Marvel Debuts a New Iron Man — And She’s a Black Woman
Source: Marvel
Source: Marvel

The next incarnation of Iron Man won't be a man at all — she'll be a whole new take on the character.

Riri Williams, a young black genius who started at the Massachusetts Institute of Technology at age 15, will be taking over as Iron Man at the end of Marvel Comics' Civil War II series, according to Time. It's the latest in a set of inclusive moves by Marvel, which has been diversifying its slate of heroes gradually over the last few years.

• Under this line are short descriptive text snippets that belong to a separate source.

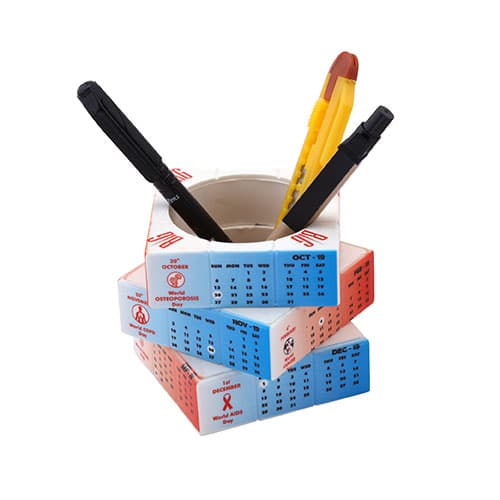 Rubik Cube Pen Stand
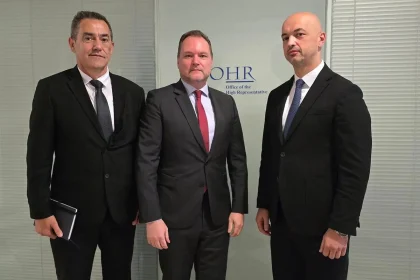 Čelništvi stranke HSP BiH u prostorijama OHR-a.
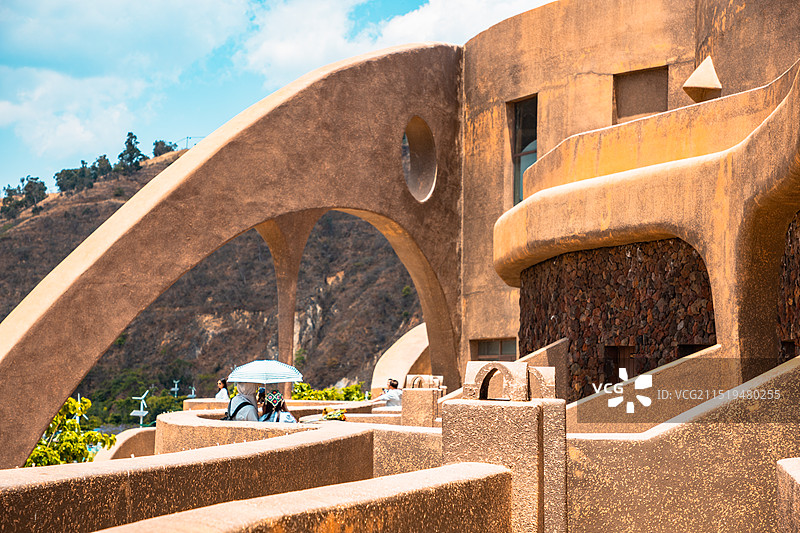 云南省大理市理想邦-蓝天下的建筑景观图片素材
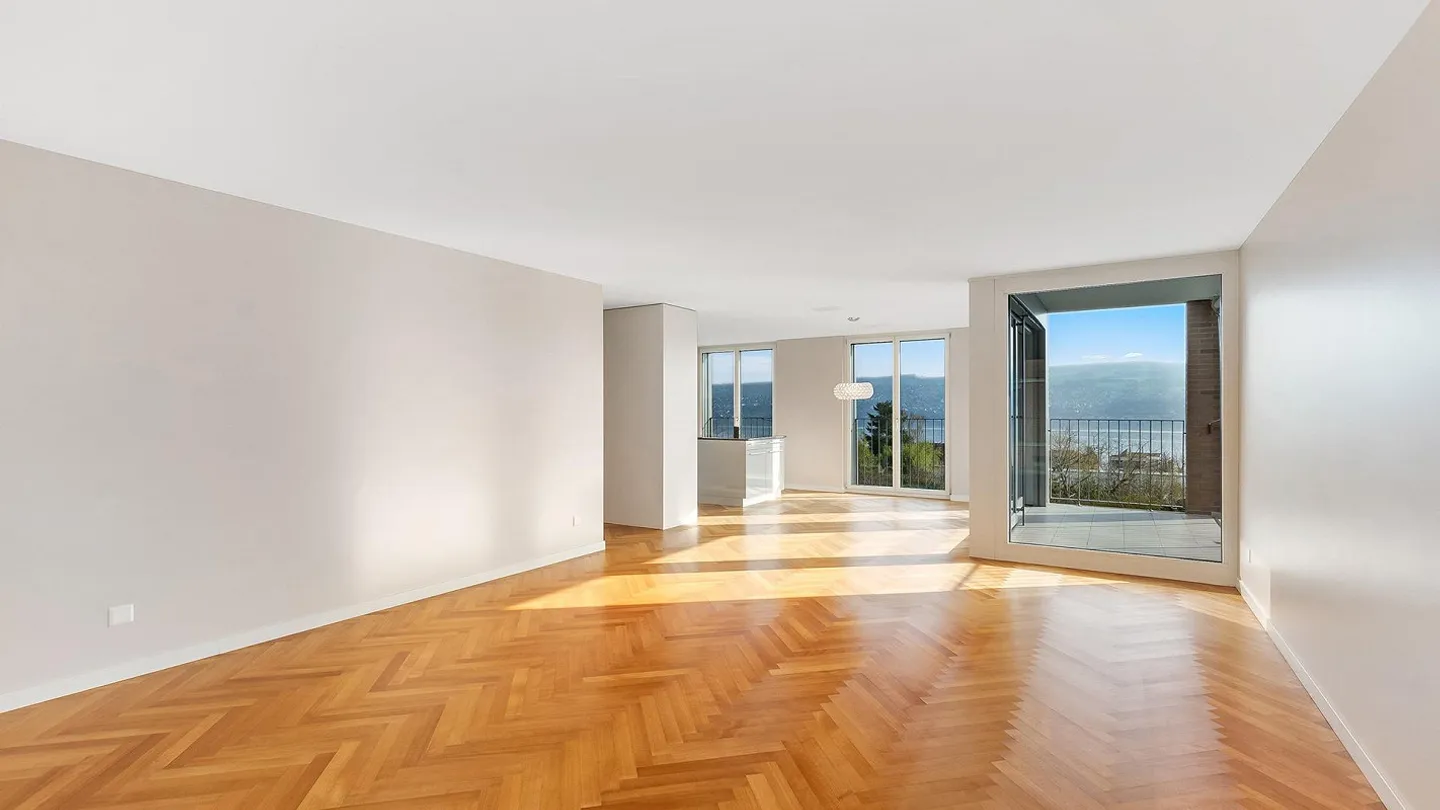 Elegant, spacious apartment with stunning lake view - Photo 2 of 4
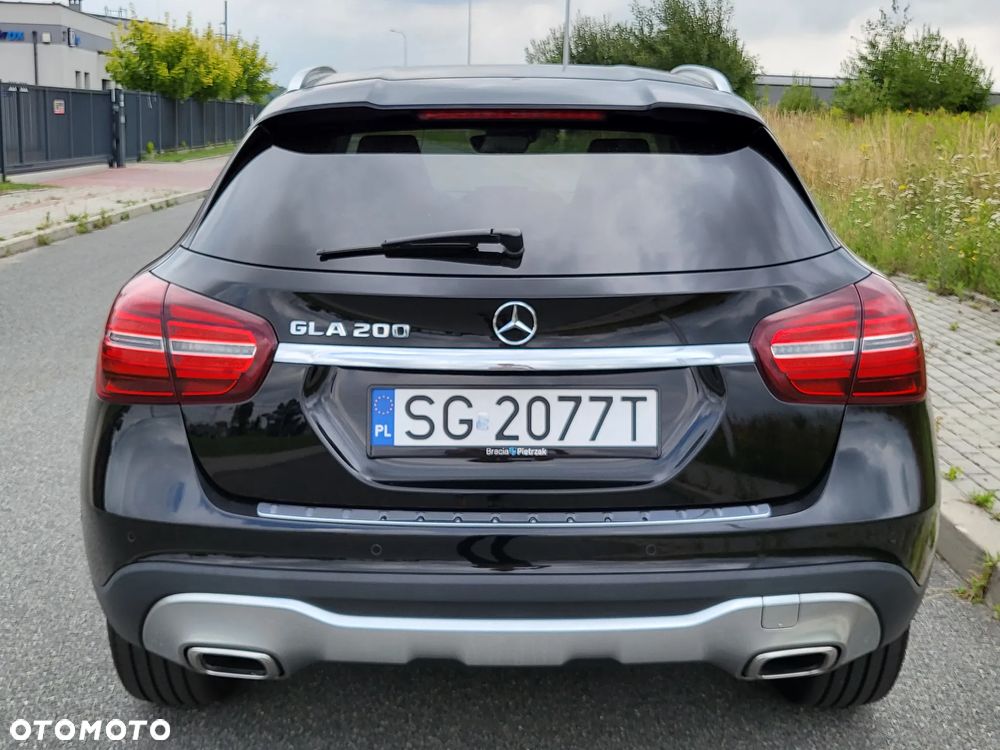 Mercedes-Benz GLA 200 7G-DCT Urban - 8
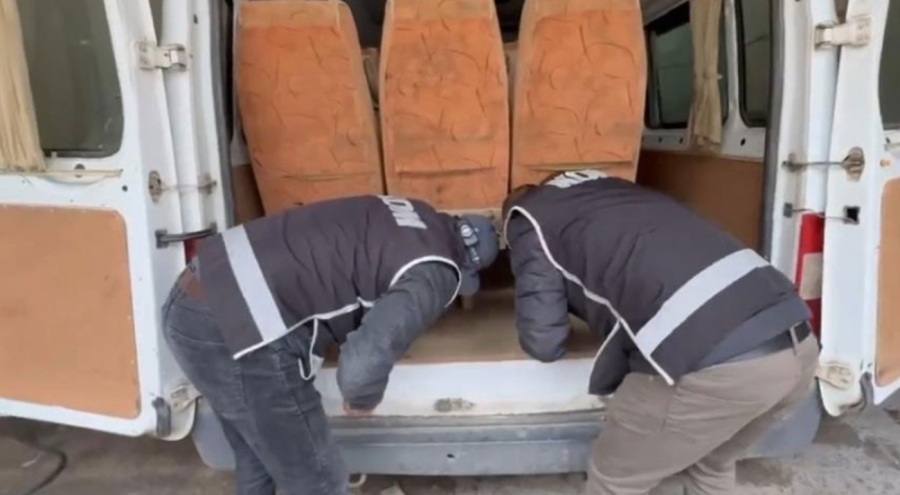 Minibüste binlerce paket kaçak sigara ele geçirildi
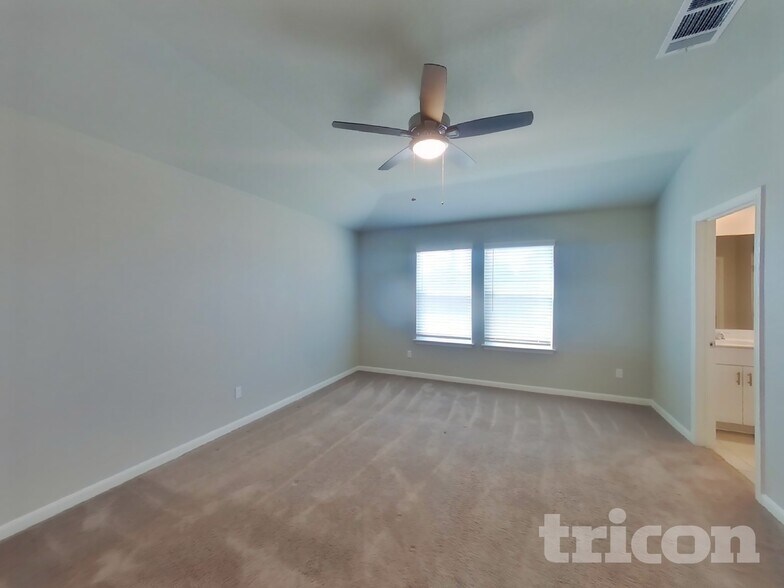 Building Photo - 5503 Shasta Pl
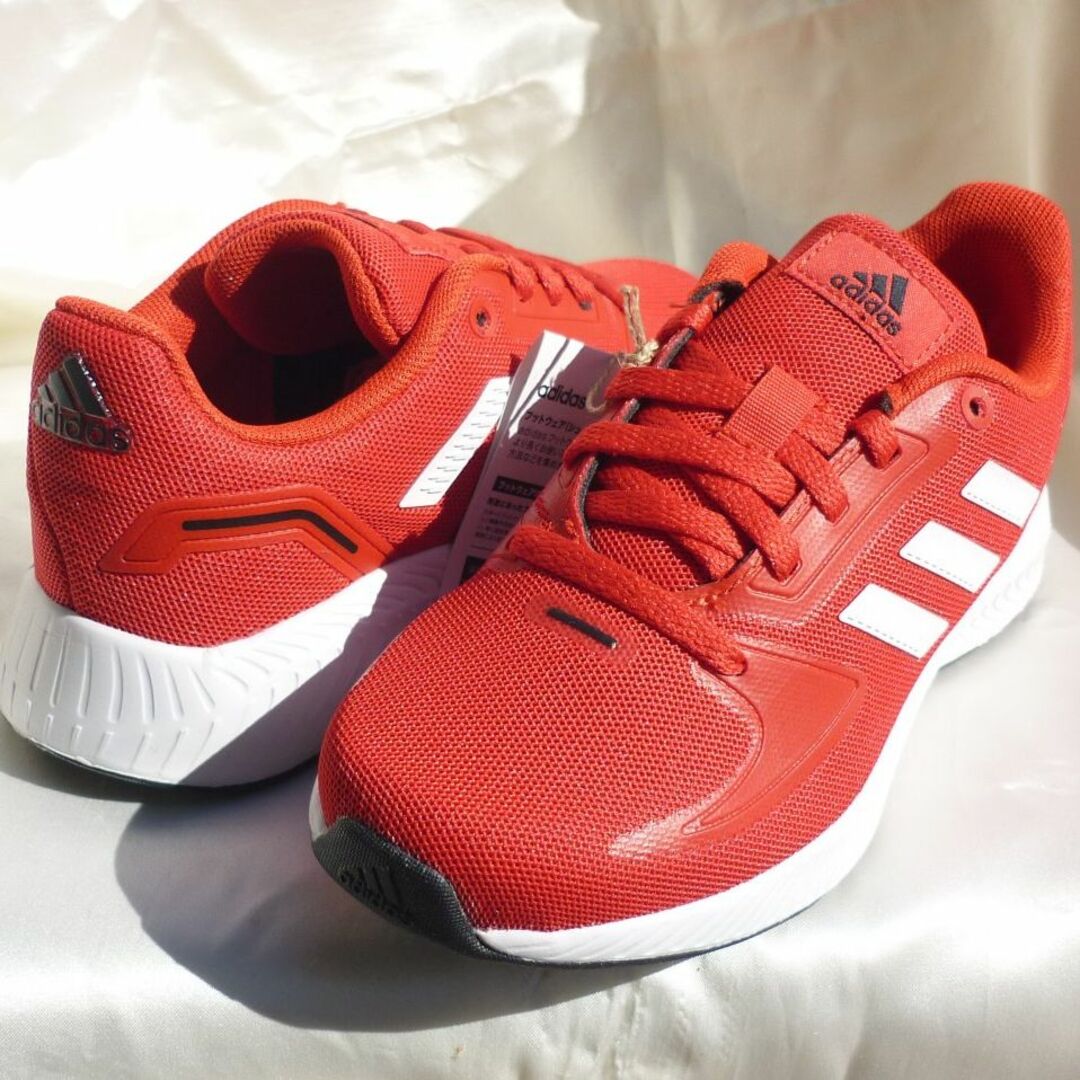 adidas(アディダス)の新品18cmアディダスレッドadidas キッズシューズ ジュニア キッズ/ベビー/マタニティのキッズ靴/シューズ(15cm~)(スニーカー)の商品写真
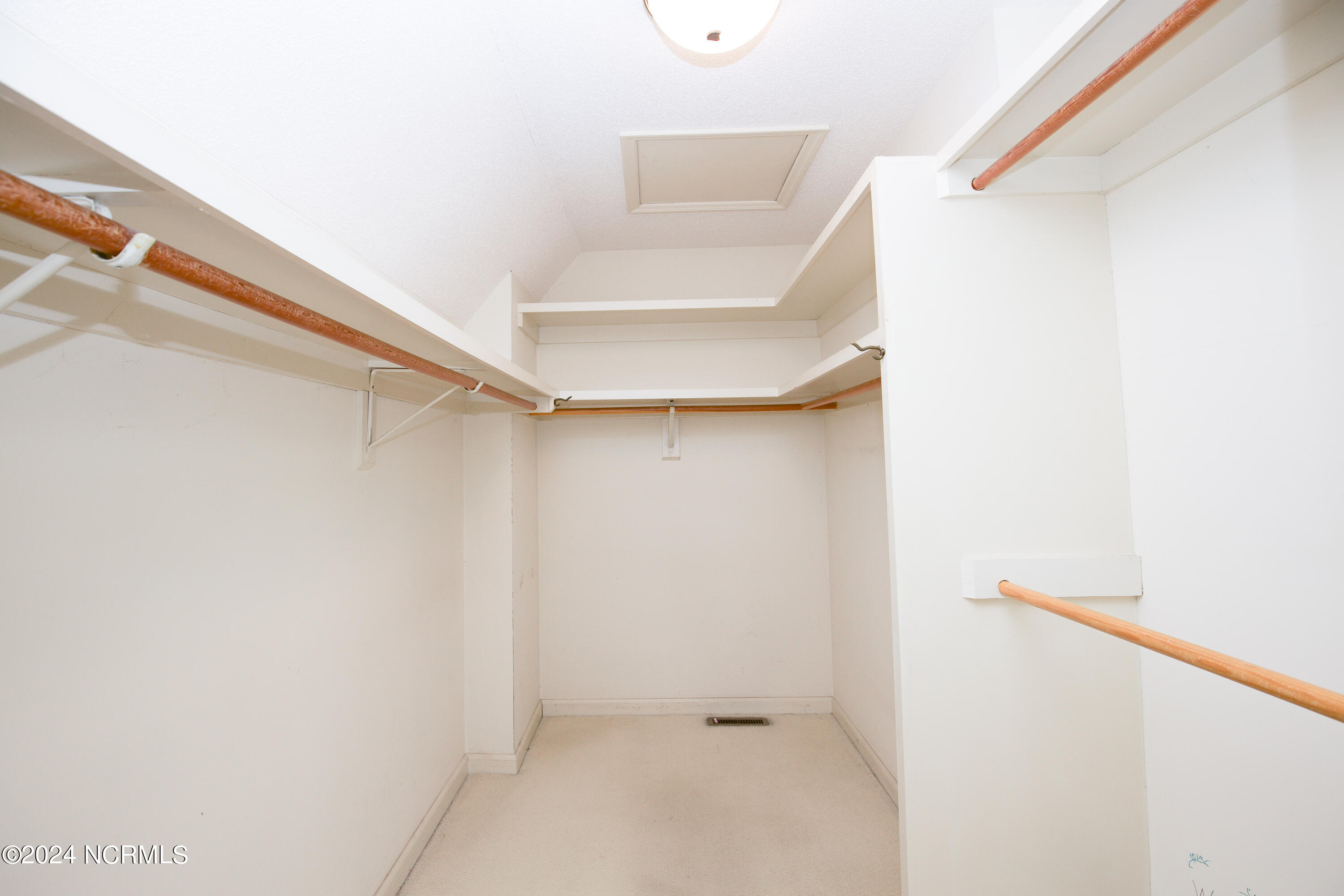 620 Diamondhead Dr S-33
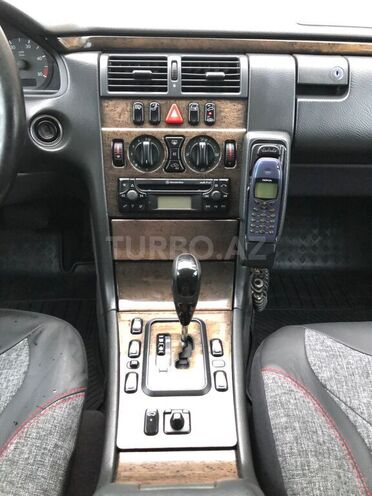 Mercedes E 220 2001, 287,787 km - 2.2 l - Bakı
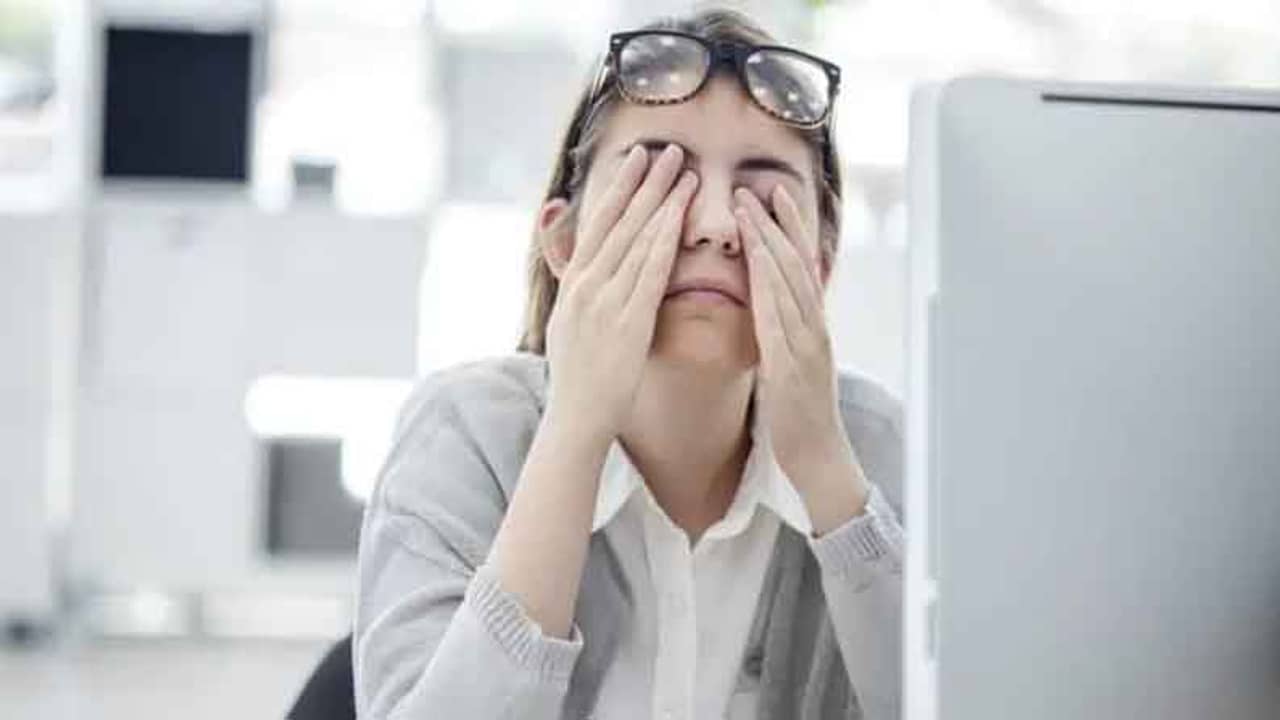 ওয়ার্ক ফ্রম হোমে বাড়ছে স্ক্রিন টাইম, কীভাবে চোখ ভাল রাখবেন?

"There was a part of an audience crawling through the desert looking for an oasis when it came to representation," Civil War II writer Brian Michael Bendis told Time. "Now that it's here, you'll go online and be greeted with this wave of love."

Bendis conceived Riri while working on an unaired TV show in Chicago. He took the story as inspiration: a "brilliant, young woman whose life was marred by tragedy that could have easily ended her life ... went off to college." The writer cited it as "the most modern version of a superhero or superheroine story" he'd ever heard.

Years later, he introduced Riri as a young genius remaking Iron Man suits who catches Tony Stark's eye. She follows in the footsteps of other people of color (Miles Morales as Spider-Man) and women (the female Thor) in stepping into an iconic Avenger's suit. Tony will retire at the end of Civil War II, according to Time, and Riri will step up.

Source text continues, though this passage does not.